Ever since 1999, when the government of Spain modified the laws that govern the municipal capital gains tax, Spain’s non-residents have been exempted from having to declare this tax or pay it.

But what is this tax that we’re talking about? Capital gains tax is paid when a person is selling their property in Spain. And by law, non-residents no longer have to pay such taxes. Instead, they can transfer the complete sum to the buyer. 

But why does such a rule exist? Its reason can be traced back to the law that brought about this new rule. According to the explanatory memorandum of that law, there was no explanation given for the same. 

All that being said, there are some things you should keep in mind if you’re planning to buy a property in Spain from a non-resident owner. 

Who Must Pay Municipal Capital Gains Tax?

According to the above-mentioned law, the seller of the property is liable to pay the municipal capital gains tax.

However, if the seller isn’t a resident of the country, he is exempted from paying this tax, and instead, the buyer must pay the tax for the same.

Wherever the house is located, the buyer will take the responsibility of paying the tax to the local council if he buys the property from a non-resident.

Is There A Way To Claim The Tax From The Non Resident?

So, if as a buyer you have to pay the municipal capital gains tax, how can you claim the money from the non-resident who should have paid the tax if not for this law?

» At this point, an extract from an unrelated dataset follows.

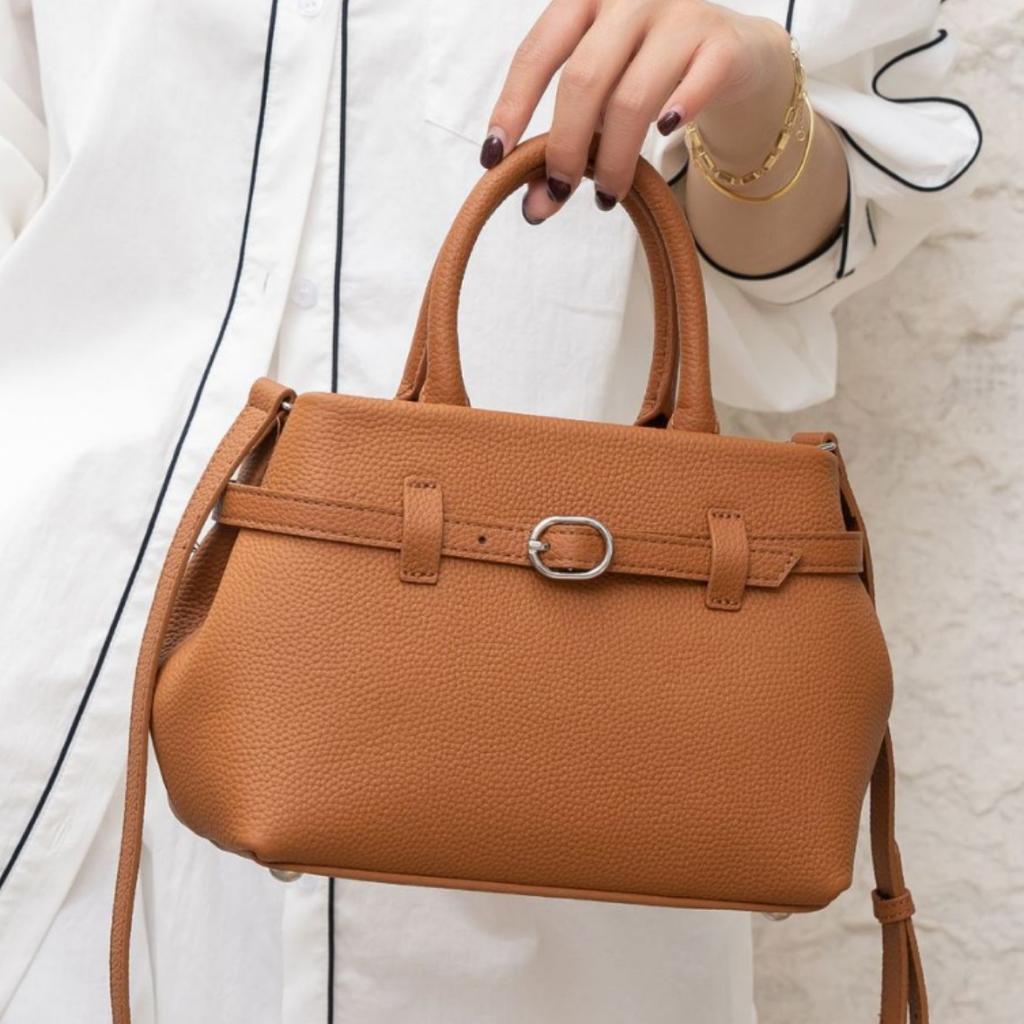 Cowhide Shoulder Women's Bag Large Capacity Messenger Good-looking Zipper Women's Fashion Simple Shopping Bag Practical Soft Leather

Well, you’ll be happy to know that there is a way to claim a refund of the tax from the non-resident. Spain’s General Tax Law allows you and any other buyer to demand a refund from their non-resident sellers.

But, we must warn you that it comes with its own complications. Since you’re claiming the tax refund from a person whose status is that of a non-resident, your claim automatically becomes a civil action. 

If the seller refuses to give you the demanded refund, you might have to take the matter to the court. Sounds extremely complicated, doesn’t it? Well, the best way to go about the situation is to deal with it even before you’ve bought the property.

Prevention is better than cure, as they say. So make sure you discuss the matters beforehand while preparing the deed of the sale of the property. You can sign an agreement with your seller about how they would like to pay the municipal capital gains tax. In this way, you can avoid future legal proceedings and headaches.

Can A Buyer Appeal The Tax In Spain?

While adding a clause allowing buyers to claim back the tax from the seller is a great start, there’s a catch you must keep in mind. 

This little agreement between the buyer and seller is only binding for the two parties involved – not for the tax authorities. In case your seller refuses to pay up the refund despite agreeing earlier, you can surely get into a legal battle with the seller – but since you’re the one who’s legally responsible for the property, you still need to pay the tax since you’re legally the substitute taxpayer.

If you don’t want to pay the tax, you do have the right to appeal the tax in Spain by means of reconsideration in front of the local council and in the economic-administrative proceedings.

In simpler words, yes, you can appeal to gain the municipal capital gains tax back if your non-resident seller doesn’t want to pay.